During the day, owing to cloud, we never saw the Lhonak La, but the lie of the ground suggested that the east side would be relatively easy. It was decided that our next camp, if possible, should be on the col itself, and that one day should be devoted to an attempt to climb Kellas' Peak, a mountain on the frontier ridge to the south of the col (Pt. 6450 m. of Kurz's map).1
On the 19th July, at 7.15 a.m., we left the glacier camp. Shipton and I were roped for route-finding, but the glacier proved easy, and at 9.30 a.m. we were at the foot of a gentle snow-slope leading to the col. Shipton here decided to take a porter with him and try to reach the summit of the Lhonak peak. Owing to a slightly dilated heart I had to avoid any hurried climbing and did not accompany him, but went off with two other porters for a col north-west of the Lhonak peak, which seemed as though it might be a way back across the continuation of the Dodang Nyima range into the plains of Tibet. I reached the col at about 1 p.m., and found that it only led to the North Lhonak glacier and that the descent would be difficult or impossible. Shipton reached the summit of the Lhonak peak shortly afterwards, and descended hurriedly as snow was imminent.

At our camp on the Lhonak La we had gentle snow from 3 p.m. At 1.30 a.m. the porters brought us tea, thinking that it was just before dawn, and we found that already there was 6-8 in. of new snow. We gave up the idea of climbing Kellas' Peak and only hoped that we should be able to descend the east side of the Lhonak La without undue delay. By 5 a.m. the snow had stopped, and while the porters were packing up the camp, Shipton and I descended the pass a little, and decided on the route which we would attempt. At 6 a.m. we and the porters, who were heavily laden, since they would not jettison any of the food, began the descent.

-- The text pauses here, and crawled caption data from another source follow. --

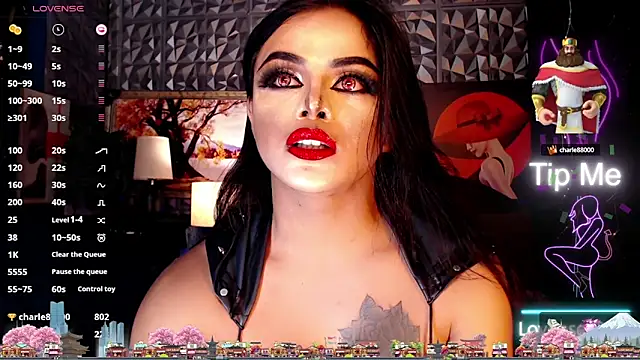 Asiansignificantxx online show from October 2025 05:02:02 AM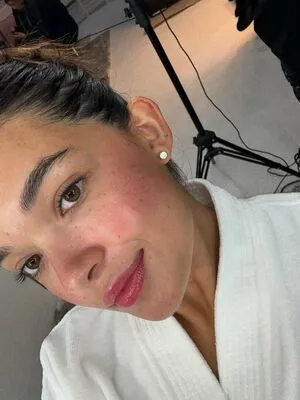 Michelle Mendiza Bal OnlyFans Leaked Free Thumbnail Picture - #MuU3ZbGkZN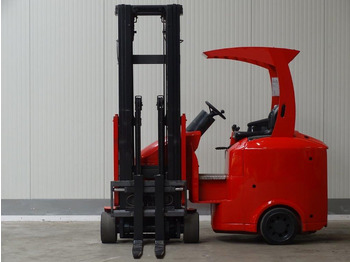Magazijntruck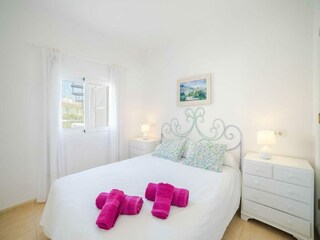 Appartamento Alcudia Caratteristiche 19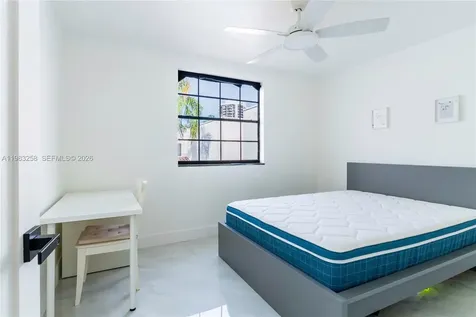 21204 Harbor Way Aventura FL 33180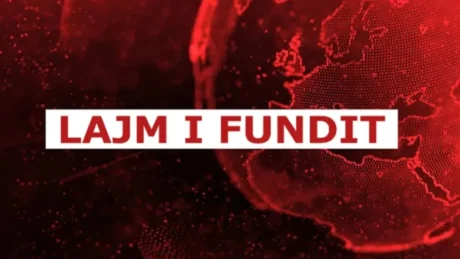 E rëndë! 19 vjecari shqiptar gjendet i p*jetë nga vëllai i tij në dhomën e gjumit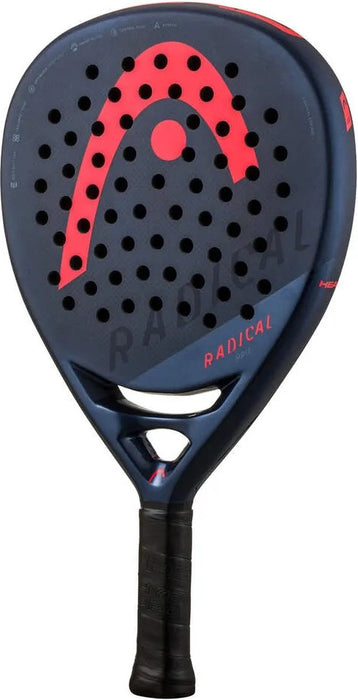 HEAD RADICAL PRO - 2024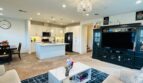 15509 Monterey Road - Morgan Hill - California - 4 bed, 3 bath rental property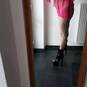Nathalie (Photo #34)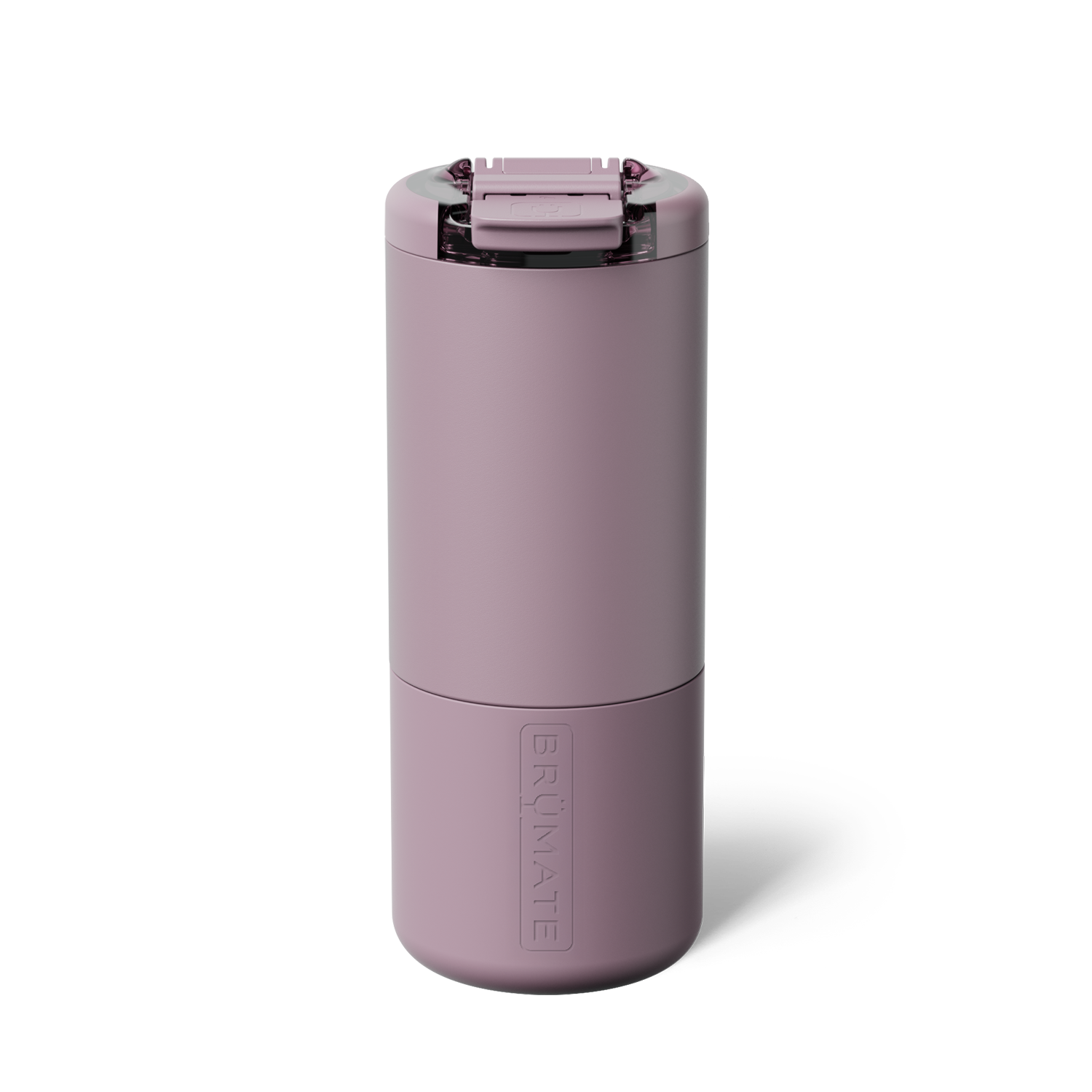 Strova 18oz | Lilac Dusk - Easy Care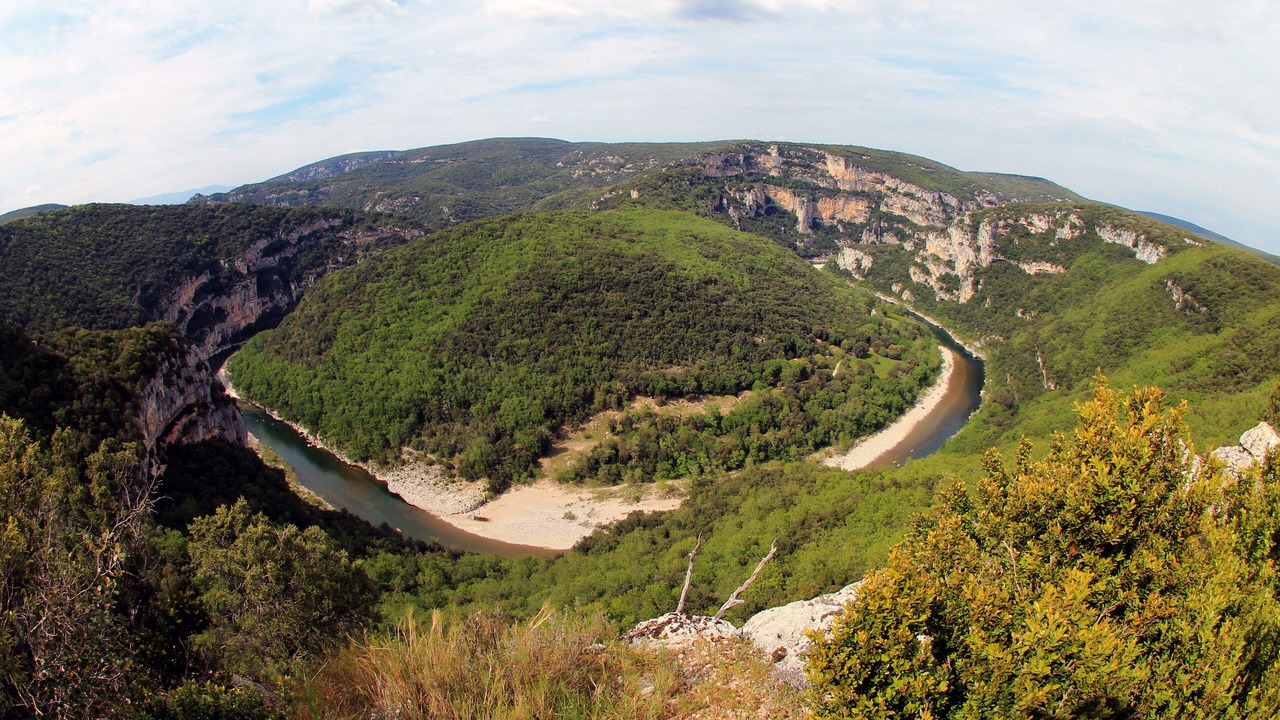 Photo of Others in Saint-Andre-de-Cruzieres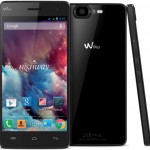 Wiko presenta il nuovo Highway 4G – IFA 2014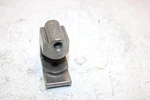 98 Ski-doo Formula Z 670 Oem Machined Tensioner 504081000 SS10. Fixed Price $9.99.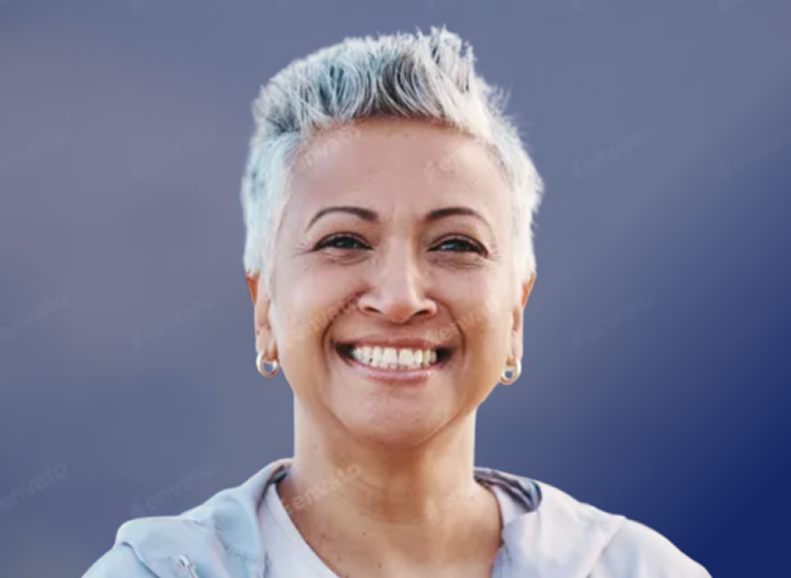 Vaginal Rejuvenation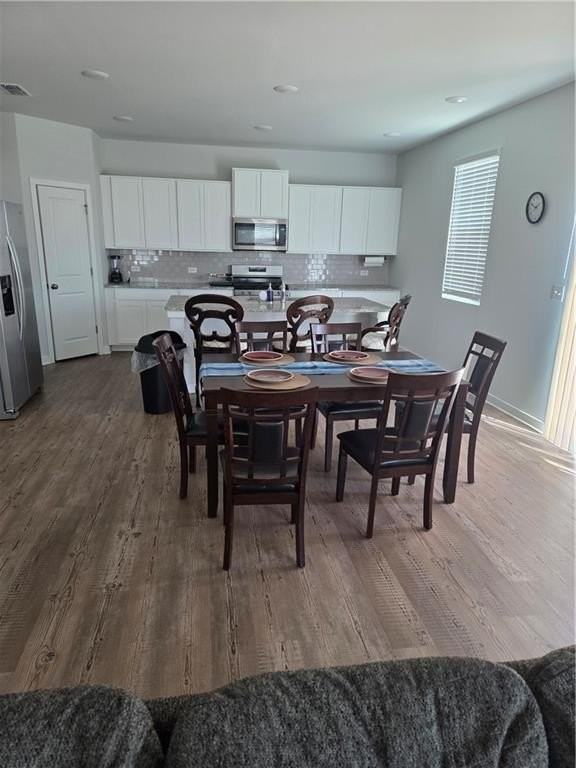 2499 Brown Dove Way - Photo 2 of 16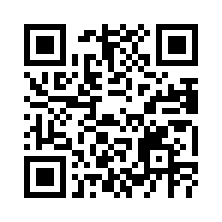 QR Code for 15Fo9Bc9swDXsmtpWN1T2kubfotMrnCQjt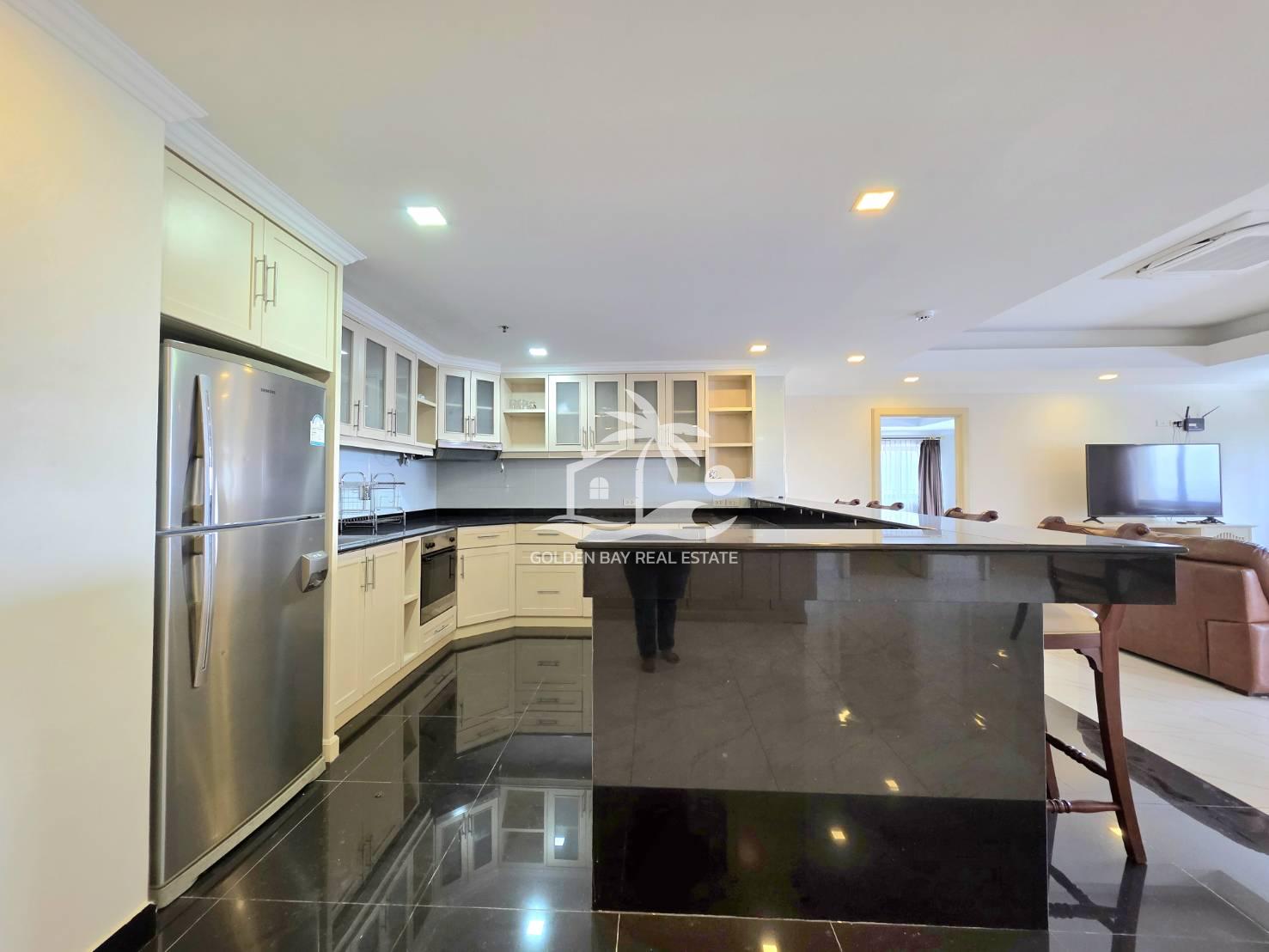 1709279_0 Nirvana Place – Pratumnak Hill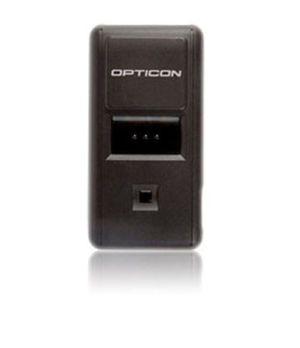 OPN2004 USB Opticon Wireless Mini-Scanner 2004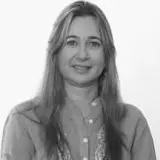 Foto de Professora Lu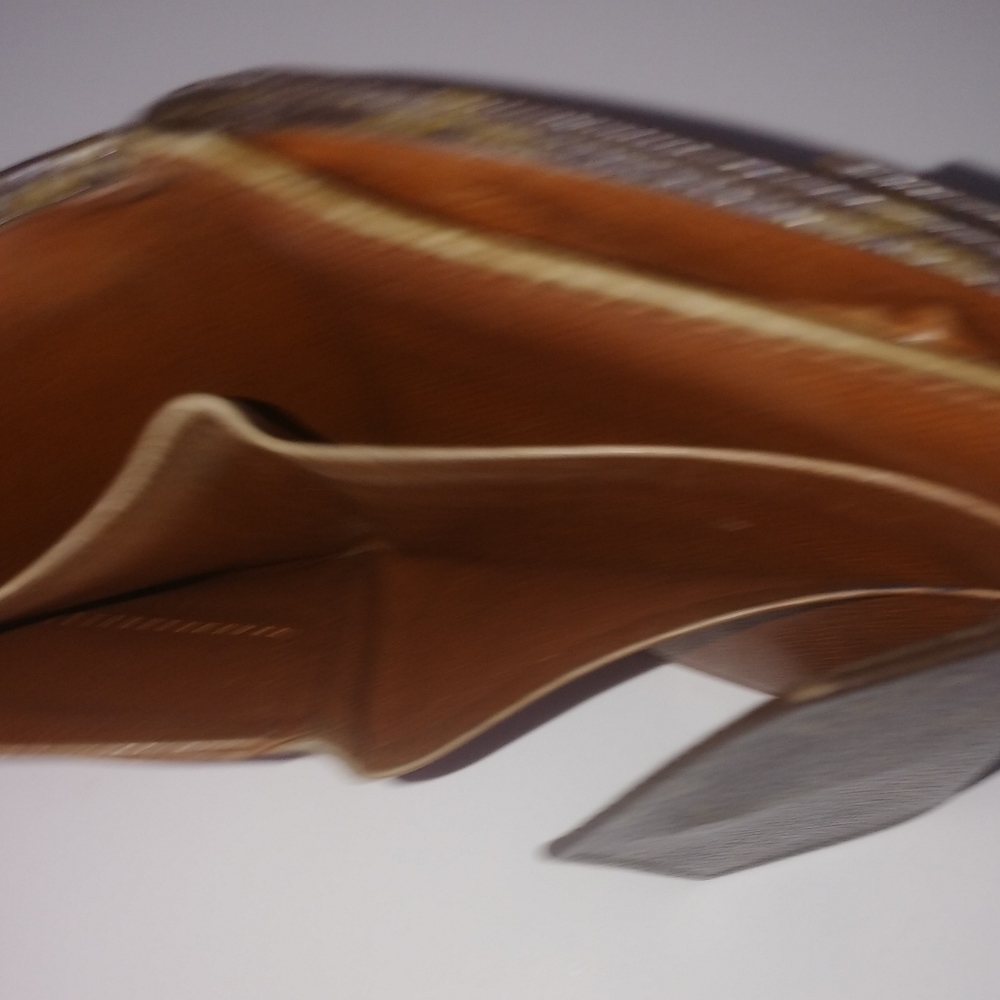 LV uxury Brown Monogram Wallet - Picture 5 of 11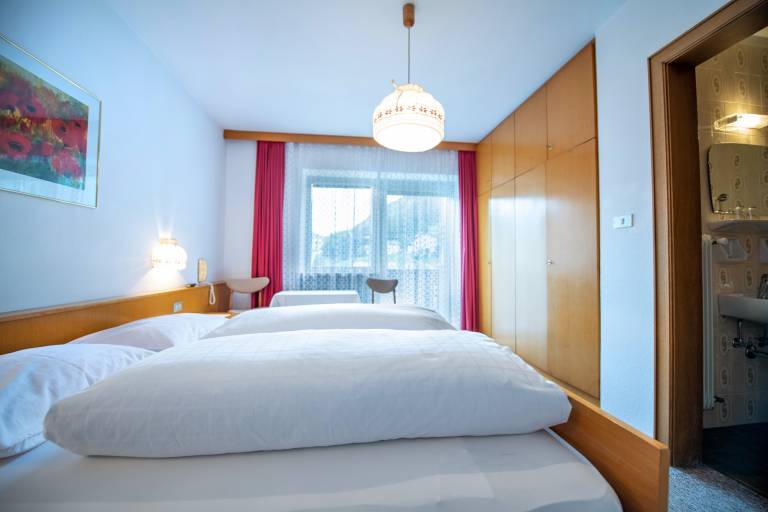 134D Alara Rooms — photo 3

Smythe had told us what he remembered of the route taken by Gourlay and Eversden, so that where the slope from the col began to be crevassed we went over to the rocks on the north side. These were liable to be swept by avalanches, and were too difficult for heavily-laden porters to race over. So a route down the centre of the glacier was tried, but this led to an impassable ice-fall not clearly seen from above. We therefore returned with Aila, one of our porters, to the rocks under the Lhonak peak, and while we stood debating the extent of the risk from avalanches, Aila unroped, crossed over to the rocks, and worked out a zigzag route along ledges which, owing to the general steepness of the rocks, afforded reasonable protection from avalanches. Down these rocks the porters carried their loads except for two short pitches where they had to be lowered. Then we raced away from danger over the deeply snow-covered Lhonak glacier.

1 This peak was apparently climbed by Dr. Kellas. Another mountain, 23,180 feet, north of Mount Everest, has also frequently been called Kellas' Peak, a practice which should be given up to avoid confusion.

[1]
Away from the steep slopes of the Lhonak peak we returned to the north side of the central Lhonak glacier, and walked down moraines to a point about a mile above the snout of the glacier. Here we were able to camp, as we fortunately found an old dump of rhododendron fuel left by some other party. From this camp, in two marches by way of the Lungnak La, we reached the Tangu Rest-house.

During the whole journey the tops of the mountains were largely obscured except in the early mornings, but we only had snow on the Lhonak La and one shower of rain when we were about half-way down the Lhonak valley.


[1] Photographs of the Lhonak La from the south and south-east will be found opposite page 128 in the Himalayan Journal, vol. iv, 1932, and opposite pages 265 and 304 in Prof. Dyhrenfurth's Himalaya: Unsere Expedition 1930, Berlin.